Mumbai, Apr 6: In its first market-borrowing programme for 1999-2000, ICICI has pared the interest rate on its regular income bonds from 12 per cent to 11 per cent following the easy-money credit policy announced by the RBI recently.The term-lending organisation has reduced the mimimum maturity period of its instrument from five years to three years for its forthcoming bond issue.
ICICI is launching the Rs 300-crore ``ICICI safety bonds-May 99',' which will open for subscription on May 14, 1999, and close on May 24. It has a right to retain oversubscription of up to Rs 300 crore.
The issue offers various options under four types of bonds--encash bond, tax-saving bond, regular income bond, and money multiplier bond (in the nature of a deep discount bond).

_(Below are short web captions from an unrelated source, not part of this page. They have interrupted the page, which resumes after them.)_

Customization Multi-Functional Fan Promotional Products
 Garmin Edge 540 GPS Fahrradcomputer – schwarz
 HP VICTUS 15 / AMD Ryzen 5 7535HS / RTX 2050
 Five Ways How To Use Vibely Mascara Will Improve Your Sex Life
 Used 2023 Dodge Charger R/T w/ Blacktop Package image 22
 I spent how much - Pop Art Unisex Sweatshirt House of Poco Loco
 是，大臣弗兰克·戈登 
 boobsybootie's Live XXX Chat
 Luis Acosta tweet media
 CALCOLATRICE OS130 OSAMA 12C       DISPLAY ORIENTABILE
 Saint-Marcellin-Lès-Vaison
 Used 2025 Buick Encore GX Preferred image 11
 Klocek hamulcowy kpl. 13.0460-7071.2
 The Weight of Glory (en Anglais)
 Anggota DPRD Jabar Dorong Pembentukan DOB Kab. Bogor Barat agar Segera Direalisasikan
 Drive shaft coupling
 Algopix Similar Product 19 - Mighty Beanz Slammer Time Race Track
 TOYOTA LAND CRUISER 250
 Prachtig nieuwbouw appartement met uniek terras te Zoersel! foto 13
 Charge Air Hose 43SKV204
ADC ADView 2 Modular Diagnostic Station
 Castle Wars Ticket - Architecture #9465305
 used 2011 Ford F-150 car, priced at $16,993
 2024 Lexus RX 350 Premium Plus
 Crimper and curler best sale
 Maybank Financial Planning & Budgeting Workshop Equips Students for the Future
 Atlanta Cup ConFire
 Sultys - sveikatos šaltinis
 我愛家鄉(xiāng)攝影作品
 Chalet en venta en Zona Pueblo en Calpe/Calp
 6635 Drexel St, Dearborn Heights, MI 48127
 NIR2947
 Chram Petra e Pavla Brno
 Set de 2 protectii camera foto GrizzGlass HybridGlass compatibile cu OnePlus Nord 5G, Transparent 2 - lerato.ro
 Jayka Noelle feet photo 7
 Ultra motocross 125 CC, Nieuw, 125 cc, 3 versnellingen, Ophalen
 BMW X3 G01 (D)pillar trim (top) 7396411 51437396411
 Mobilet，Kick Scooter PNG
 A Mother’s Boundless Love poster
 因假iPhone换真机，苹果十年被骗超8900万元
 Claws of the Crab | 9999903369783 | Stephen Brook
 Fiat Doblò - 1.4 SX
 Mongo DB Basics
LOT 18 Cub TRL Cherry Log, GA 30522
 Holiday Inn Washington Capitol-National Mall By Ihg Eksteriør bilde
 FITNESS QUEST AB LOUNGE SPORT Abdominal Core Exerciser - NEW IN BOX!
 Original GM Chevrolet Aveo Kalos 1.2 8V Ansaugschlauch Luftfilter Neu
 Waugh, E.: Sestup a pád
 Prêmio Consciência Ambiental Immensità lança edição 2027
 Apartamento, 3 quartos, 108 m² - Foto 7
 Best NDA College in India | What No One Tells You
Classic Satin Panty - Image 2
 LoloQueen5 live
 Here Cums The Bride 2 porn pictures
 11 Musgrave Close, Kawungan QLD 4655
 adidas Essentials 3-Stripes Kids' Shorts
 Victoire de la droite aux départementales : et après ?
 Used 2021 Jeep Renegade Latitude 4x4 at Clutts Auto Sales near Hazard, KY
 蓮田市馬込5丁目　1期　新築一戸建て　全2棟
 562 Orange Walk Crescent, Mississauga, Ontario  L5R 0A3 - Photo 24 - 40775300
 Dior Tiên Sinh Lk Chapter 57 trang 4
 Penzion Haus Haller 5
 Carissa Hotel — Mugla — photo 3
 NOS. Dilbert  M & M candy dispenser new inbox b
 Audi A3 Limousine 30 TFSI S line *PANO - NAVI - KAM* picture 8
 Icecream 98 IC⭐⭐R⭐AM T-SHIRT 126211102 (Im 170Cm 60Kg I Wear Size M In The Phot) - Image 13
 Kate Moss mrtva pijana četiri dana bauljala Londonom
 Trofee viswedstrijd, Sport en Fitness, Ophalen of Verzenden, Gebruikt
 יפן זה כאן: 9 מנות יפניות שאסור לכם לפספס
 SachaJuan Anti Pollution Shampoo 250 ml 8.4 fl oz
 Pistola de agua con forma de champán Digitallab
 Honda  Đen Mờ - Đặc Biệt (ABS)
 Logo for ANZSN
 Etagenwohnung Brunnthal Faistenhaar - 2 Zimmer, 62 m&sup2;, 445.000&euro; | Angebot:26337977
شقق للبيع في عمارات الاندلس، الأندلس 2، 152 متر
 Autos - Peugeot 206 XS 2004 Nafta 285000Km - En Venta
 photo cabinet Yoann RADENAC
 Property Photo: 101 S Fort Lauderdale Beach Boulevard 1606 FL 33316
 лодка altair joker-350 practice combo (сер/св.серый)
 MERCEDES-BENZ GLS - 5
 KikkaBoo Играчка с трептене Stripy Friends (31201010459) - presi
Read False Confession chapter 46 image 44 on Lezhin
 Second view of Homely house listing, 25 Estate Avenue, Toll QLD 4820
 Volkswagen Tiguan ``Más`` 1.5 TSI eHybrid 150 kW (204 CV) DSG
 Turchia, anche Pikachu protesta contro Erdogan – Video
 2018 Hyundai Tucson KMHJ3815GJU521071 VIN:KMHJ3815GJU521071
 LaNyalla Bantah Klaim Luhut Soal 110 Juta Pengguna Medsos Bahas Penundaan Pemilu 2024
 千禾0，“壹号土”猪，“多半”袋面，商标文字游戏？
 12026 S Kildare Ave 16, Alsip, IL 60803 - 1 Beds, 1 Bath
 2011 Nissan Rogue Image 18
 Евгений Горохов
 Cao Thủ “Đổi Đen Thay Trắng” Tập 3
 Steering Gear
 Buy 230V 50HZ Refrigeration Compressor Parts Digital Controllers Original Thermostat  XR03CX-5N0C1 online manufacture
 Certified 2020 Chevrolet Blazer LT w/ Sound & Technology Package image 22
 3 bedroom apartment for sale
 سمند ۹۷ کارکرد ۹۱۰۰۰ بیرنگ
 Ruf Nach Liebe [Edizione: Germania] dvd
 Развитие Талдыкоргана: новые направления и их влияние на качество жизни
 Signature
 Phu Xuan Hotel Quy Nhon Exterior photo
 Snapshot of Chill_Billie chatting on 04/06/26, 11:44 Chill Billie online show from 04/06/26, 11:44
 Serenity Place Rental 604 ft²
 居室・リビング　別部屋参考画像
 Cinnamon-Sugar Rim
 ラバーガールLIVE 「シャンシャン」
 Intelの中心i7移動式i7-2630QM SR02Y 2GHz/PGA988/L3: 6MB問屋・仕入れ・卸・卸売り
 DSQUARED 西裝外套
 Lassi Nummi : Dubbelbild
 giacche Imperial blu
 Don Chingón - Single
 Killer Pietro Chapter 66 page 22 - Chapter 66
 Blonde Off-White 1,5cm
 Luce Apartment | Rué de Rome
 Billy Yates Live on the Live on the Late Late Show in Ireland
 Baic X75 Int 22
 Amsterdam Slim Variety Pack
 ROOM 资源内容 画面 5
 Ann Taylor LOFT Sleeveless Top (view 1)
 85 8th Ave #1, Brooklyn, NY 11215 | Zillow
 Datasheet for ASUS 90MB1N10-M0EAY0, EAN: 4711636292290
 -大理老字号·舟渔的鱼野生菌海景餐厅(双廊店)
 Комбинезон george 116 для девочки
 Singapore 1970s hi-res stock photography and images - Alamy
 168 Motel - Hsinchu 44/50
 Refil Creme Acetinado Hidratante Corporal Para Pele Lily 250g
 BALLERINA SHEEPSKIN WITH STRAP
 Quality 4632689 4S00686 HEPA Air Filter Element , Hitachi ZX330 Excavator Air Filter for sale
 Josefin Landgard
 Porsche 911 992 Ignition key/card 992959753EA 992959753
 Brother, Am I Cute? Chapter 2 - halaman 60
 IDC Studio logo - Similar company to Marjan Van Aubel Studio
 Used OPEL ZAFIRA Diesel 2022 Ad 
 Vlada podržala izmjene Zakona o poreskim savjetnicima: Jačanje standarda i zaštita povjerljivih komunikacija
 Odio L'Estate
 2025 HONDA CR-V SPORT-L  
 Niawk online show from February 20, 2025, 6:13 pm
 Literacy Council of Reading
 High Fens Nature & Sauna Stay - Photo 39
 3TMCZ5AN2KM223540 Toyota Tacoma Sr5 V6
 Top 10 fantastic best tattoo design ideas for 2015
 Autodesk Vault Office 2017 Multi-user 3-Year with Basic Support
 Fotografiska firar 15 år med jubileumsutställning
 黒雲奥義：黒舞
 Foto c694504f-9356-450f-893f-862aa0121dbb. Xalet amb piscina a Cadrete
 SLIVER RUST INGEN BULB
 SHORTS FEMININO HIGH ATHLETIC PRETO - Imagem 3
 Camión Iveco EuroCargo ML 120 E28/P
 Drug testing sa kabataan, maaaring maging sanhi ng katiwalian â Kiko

Under the regular income bond, an investor can invest for three years and earn regular income on a monthly (12.4 per cent), half yearly (12.4 per cent) or annual (12.5 per cent) basis. A five-year regular income bond carries an interest rate of Rs12.75 per cent payble annually.
In the money multiplier bond option I, an investor can make Rs 7,125 by investing Rs 5,000 for three yeras at a yield 12.5 per cent.
Under option II, Rs 5,000 becomes Rs 50,000 in 18 years and five months at a yield of 13.3 per cent.
Under option III, Rs 5,000 becomes Rs 100,000 in 23 yeras and 10 months at a yield of Rs 13.4 per cent.
In the encash bond, an investor earns 12.1 per cent per annum if the bond is held till maturity.
Through the tax-saving bond, an investor canm save long-term capital gains tax under Section 54EA of the Income-Tax Act, 1961, by investing the net-sale consideration (from sale of shares, house, or any other capital asset) for three years.